• [EXERCISE DESCRIPTION]: The word "After" marks the lines to find; copy every such line from the data below.

• [EXERCISE DATA]:
================================
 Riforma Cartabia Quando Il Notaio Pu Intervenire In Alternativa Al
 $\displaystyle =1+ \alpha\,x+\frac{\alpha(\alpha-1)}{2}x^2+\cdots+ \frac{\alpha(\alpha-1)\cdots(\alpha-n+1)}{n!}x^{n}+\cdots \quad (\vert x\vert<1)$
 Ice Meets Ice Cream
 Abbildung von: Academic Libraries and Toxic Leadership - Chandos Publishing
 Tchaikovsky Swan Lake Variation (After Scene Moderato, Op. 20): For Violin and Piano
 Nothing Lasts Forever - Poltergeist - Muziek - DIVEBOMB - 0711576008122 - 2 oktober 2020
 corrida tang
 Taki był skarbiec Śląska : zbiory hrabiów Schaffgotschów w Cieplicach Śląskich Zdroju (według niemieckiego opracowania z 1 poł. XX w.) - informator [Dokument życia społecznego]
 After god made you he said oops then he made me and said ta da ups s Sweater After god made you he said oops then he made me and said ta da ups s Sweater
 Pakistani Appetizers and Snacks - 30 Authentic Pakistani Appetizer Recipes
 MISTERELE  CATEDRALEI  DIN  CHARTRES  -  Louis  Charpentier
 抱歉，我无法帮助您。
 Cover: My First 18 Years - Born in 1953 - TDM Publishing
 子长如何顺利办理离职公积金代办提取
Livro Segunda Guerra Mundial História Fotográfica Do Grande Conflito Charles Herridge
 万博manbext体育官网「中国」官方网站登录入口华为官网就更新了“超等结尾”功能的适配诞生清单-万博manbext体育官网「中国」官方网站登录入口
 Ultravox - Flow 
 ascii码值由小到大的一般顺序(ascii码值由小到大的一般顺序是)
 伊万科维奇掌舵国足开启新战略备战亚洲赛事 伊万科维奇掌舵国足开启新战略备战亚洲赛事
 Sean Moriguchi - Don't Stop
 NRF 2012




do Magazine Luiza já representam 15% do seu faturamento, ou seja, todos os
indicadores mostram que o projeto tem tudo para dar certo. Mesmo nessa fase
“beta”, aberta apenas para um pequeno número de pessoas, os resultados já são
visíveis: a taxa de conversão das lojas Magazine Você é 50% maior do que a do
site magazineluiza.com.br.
================================
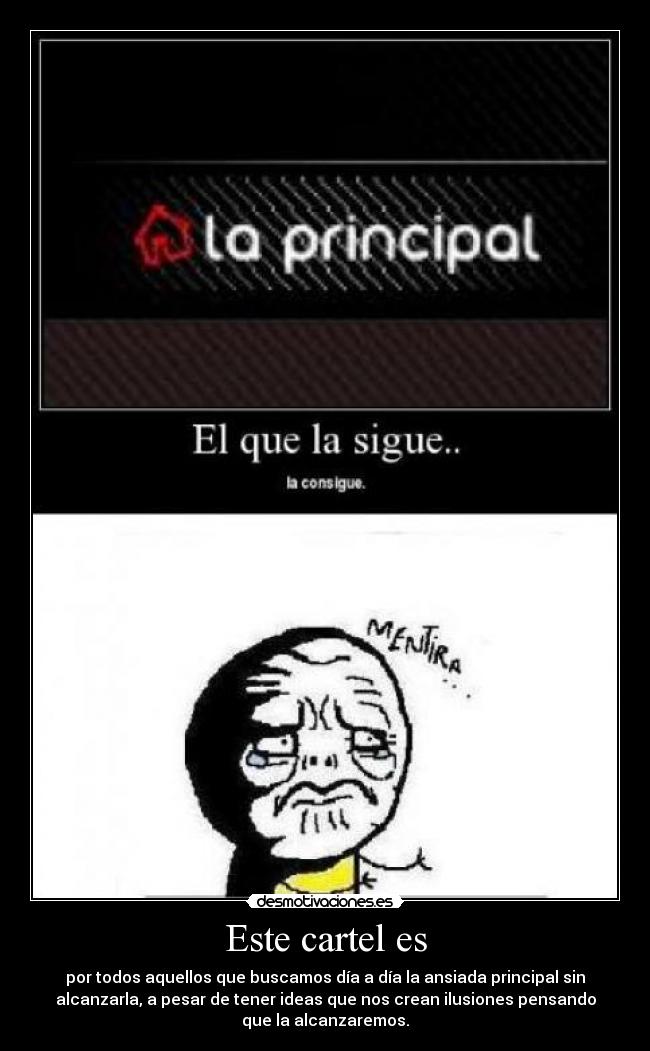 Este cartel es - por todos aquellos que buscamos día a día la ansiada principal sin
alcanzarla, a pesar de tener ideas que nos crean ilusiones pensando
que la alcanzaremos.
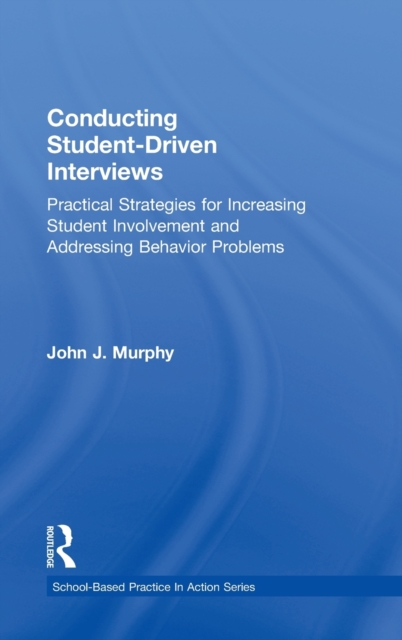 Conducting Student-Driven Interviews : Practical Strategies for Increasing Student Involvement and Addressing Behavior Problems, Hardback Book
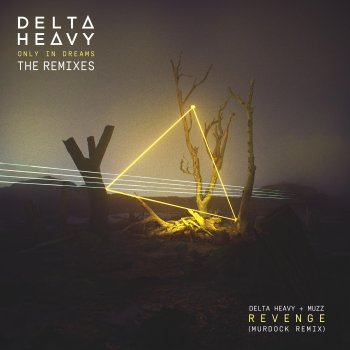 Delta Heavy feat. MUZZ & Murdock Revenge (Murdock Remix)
================================
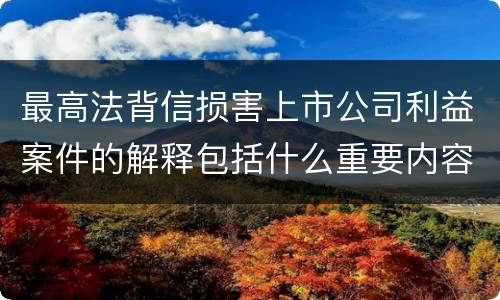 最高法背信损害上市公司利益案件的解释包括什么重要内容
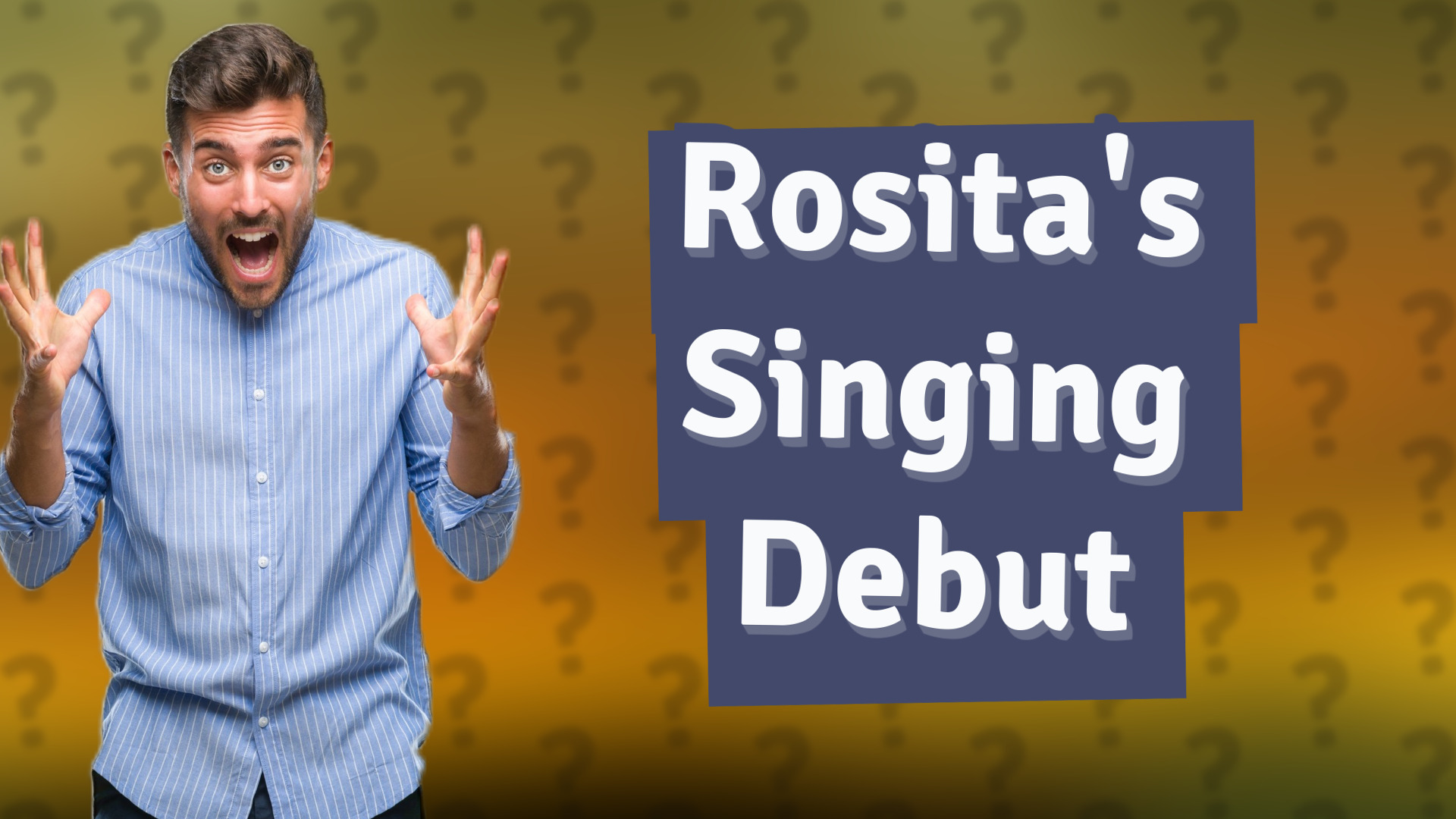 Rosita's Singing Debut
================================
• [EXERCISE RESULT]:
 Tchaikovsky Swan Lake Variation (After Scene Moderato, Op. 20): For Violin and Piano
 After god made you he said oops then he made me and said ta da ups s Sweater After god made you he said oops then he made me and said ta da ups s Sweater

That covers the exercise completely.